====== EXERCISE DATA ======
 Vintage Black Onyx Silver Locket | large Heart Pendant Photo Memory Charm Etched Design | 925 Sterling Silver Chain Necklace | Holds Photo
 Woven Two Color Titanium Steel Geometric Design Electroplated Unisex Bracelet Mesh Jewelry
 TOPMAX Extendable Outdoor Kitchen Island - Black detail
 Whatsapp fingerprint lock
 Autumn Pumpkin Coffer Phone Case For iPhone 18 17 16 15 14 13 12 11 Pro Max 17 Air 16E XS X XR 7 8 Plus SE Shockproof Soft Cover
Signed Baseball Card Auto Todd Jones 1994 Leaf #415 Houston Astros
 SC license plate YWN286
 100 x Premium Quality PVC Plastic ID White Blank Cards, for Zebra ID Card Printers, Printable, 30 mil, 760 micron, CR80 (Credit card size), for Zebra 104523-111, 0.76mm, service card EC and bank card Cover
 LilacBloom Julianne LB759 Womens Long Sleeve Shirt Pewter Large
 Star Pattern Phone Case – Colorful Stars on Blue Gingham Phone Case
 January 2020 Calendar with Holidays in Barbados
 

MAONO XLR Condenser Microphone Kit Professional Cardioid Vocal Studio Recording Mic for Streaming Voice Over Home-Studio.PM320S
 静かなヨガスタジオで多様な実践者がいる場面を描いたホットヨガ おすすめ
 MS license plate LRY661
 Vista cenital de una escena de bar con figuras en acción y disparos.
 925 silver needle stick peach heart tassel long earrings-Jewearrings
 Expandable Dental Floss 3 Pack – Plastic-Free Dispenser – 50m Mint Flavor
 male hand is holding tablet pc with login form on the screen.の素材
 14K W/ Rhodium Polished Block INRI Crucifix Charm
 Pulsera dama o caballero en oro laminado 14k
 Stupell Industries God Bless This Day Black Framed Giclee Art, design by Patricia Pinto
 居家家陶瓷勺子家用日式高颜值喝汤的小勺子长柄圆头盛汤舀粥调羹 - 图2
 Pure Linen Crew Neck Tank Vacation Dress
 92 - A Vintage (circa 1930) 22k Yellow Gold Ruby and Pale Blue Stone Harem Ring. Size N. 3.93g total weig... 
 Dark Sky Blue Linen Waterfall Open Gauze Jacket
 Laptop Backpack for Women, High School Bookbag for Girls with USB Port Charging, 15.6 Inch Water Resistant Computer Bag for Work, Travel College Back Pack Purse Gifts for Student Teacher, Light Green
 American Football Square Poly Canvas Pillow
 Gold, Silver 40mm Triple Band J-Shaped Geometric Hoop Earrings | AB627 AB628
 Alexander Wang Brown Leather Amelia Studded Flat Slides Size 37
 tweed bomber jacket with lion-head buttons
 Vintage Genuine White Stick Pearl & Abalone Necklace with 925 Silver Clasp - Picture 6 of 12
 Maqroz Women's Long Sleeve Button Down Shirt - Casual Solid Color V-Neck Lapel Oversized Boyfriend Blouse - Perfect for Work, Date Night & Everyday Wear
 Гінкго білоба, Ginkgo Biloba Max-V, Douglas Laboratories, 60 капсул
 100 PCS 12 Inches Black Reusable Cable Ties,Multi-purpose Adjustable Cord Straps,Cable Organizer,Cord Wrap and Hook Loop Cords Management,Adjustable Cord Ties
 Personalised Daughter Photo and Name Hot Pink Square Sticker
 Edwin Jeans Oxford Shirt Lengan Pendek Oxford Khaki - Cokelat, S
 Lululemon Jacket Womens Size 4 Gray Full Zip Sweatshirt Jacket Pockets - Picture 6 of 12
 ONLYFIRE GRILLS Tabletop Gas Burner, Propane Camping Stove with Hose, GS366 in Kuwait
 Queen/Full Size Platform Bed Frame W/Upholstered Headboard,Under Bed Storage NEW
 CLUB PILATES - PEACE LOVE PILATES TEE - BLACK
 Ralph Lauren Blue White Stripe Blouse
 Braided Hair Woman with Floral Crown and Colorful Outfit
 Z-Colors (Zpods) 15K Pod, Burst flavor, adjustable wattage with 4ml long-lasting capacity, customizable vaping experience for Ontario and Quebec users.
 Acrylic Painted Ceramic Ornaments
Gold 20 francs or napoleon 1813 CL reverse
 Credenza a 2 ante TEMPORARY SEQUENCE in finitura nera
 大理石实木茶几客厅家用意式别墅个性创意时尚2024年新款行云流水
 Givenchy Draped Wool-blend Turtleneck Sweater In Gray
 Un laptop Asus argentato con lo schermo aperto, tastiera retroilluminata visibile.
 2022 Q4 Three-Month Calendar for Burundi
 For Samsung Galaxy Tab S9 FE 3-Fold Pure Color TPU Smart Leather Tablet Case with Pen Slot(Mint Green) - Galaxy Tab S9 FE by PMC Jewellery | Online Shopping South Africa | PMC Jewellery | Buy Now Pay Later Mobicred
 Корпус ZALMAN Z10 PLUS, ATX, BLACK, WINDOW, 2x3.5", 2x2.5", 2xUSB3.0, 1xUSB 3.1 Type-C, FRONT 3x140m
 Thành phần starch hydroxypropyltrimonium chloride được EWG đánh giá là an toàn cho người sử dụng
======
WORK TO COMPLETE
Would you please copy all lines in the data that contain the word "Cover"?

SOLUTION
 Autumn Pumpkin Coffer Phone Case For iPhone 18 17 16 15 14 13 12 11 Pro Max 17 Air 16E XS X XR 7 8 Plus SE Shockproof Soft Cover
 100 x Premium Quality PVC Plastic ID White Blank Cards, for Zebra ID Card Printers, Printable, 30 mil, 760 micron, CR80 (Credit card size), for Zebra 104523-111, 0.76mm, service card EC and bank card Cover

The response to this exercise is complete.